The Aging Bull?

The current bull market recently celebrated its third birthday. The S&P 500 hit a closing low of 800.73 on March 11, 2003 (it had actually gone even lower in October 2002). Yuo know, there’s nothing like a war to get a stock market moving. We’re up over 63.2% since then.
But like any three-year-old, this market is starting to get cranky. The S&P 500 has now gone up for six straight days. With an hour left of trading, it looks like the market will close lower.
The WSJ reports that analysts have been trimming back their earnings forecasts:

At the start of January, analysts, on average, predicted first-quarter profits would grow 12.6% at companies in the Standard & Poor’s 500-stock index. By Friday, that forecast had been cut to 11%. “We have definitely seen a dramatic pull-down” in analysts’ forecasting patterns as the bull market has worn on, says Thomson Financial research analyst David Dropsey. “It seems like every quarter it gets a little more back to normal.” Normal isn’t necessarily great. Bull markets usually are strongest when they are young, right after a bear market. Investor expectations are low then, and surpassing them is easier. The bull market tends to end, or at least pause, when expectations get well ahead of companies’ ability to deliver.

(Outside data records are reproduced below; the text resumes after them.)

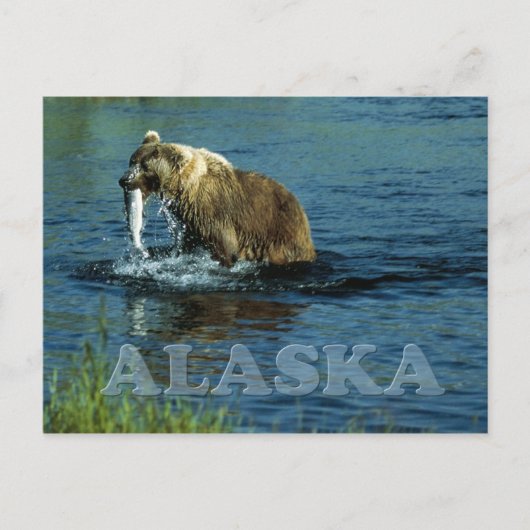 Braunbärenfischerei auf Kodiak in Alaska Postkarte (Vorderseite)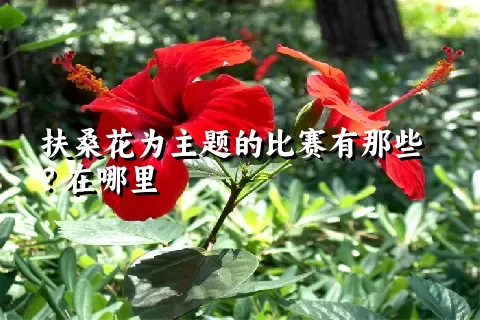 扶桑花为主题的比赛有那些？在哪里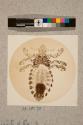 Parasite of Ox, male, 34X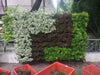 Vertical Garden, Wall Garden Panel Yellow (1 Frame + 3 Pots) - CGASPL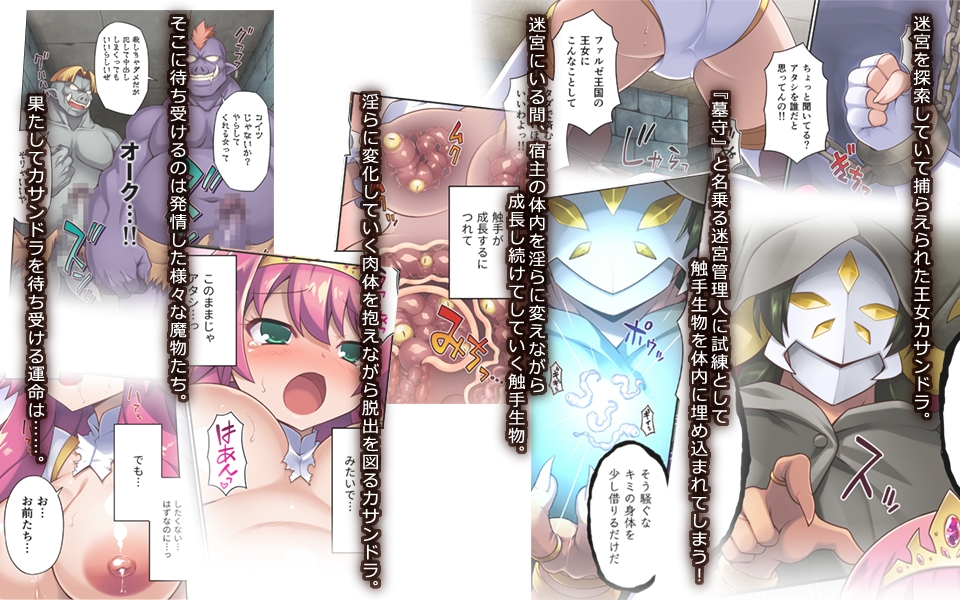 サクリファイスプリンセス～発情快楽器官へと改造された勇ましき王女～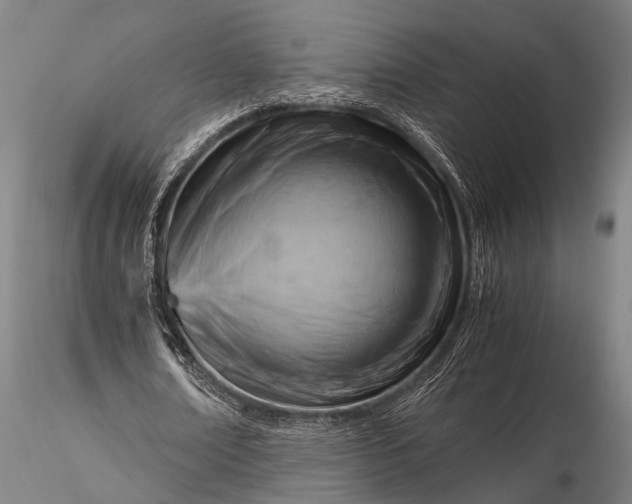 X0000116370674200912161439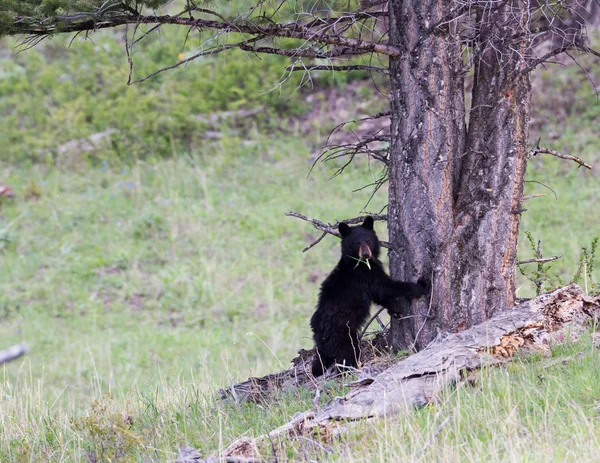 Negro oso cachorro —  Fotos de Stock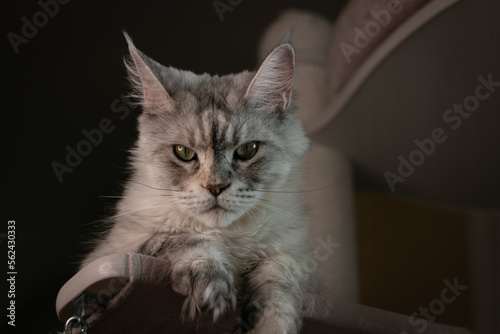Obraz na płótnie Portrait of a beautiful Maine Coon cat with green eyes. Close-up. w salonie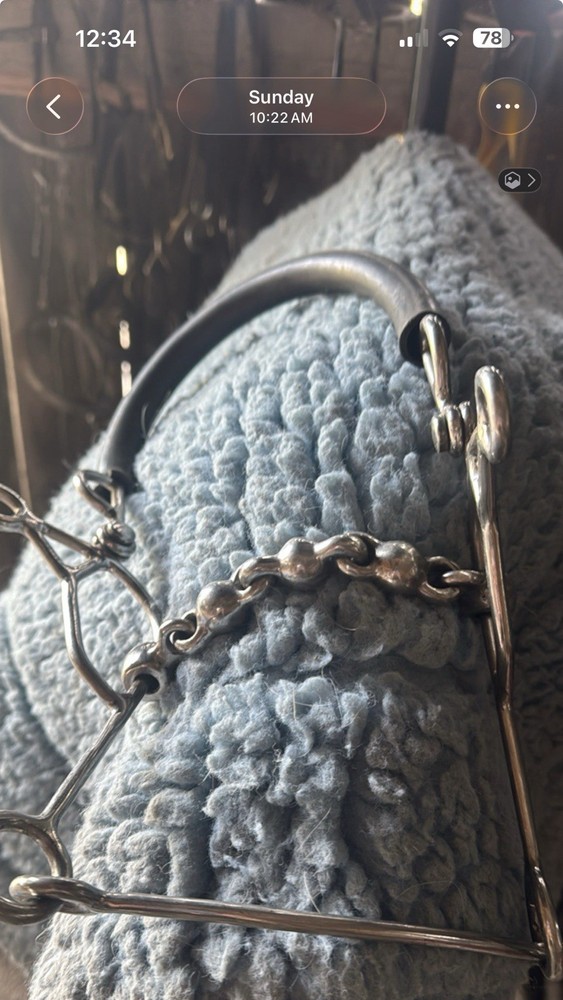 Jumping Hackamore Combo Bit Waterford 5.25” Used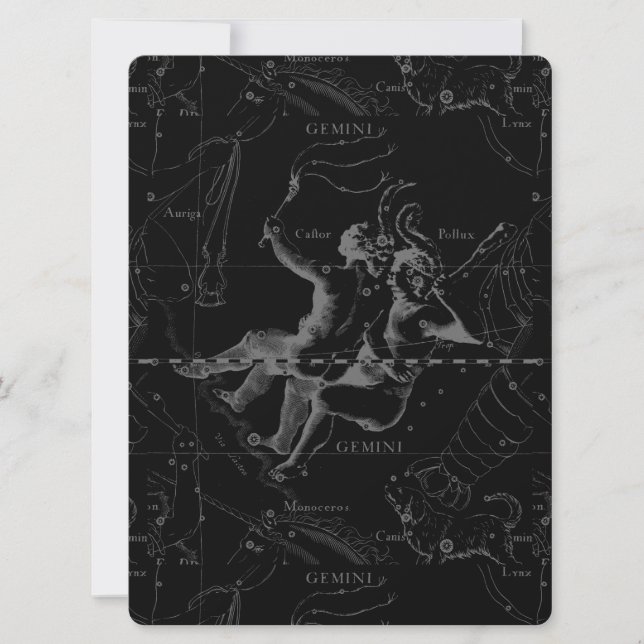 Gemini Constellation Map Gravur von Hevelius (Vorderseite)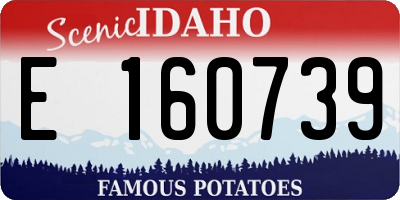 ID license plate E160739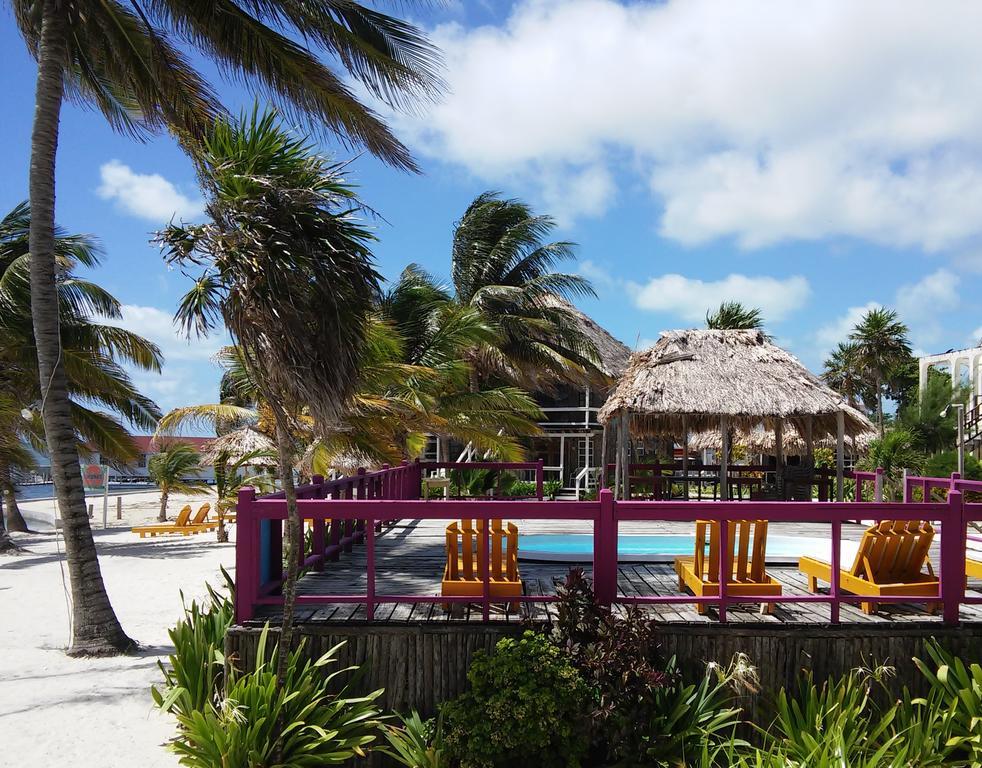 Exotic Caye Beach Resort San Pedro  Extérieur photo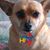 Eric Wibbeler's profile image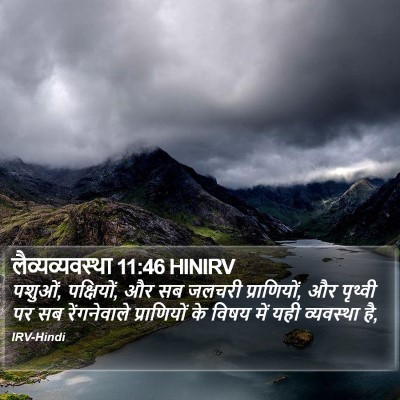 लैव्यव्यवस्था 11:46 HINIRV Bible Verse Image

The fact that analysts are cutting forecasts again doesn’t necessarily mean the bull market is in trouble. The amount of the estimate cuts still is below average. Thomson Financial has found analysts tend to cut forecasts by about three percentage points as a quarter wears on. Then companies have a way of beating the reduced expectations — by about three percentage points. Lately, the estimate cuts have been less than that.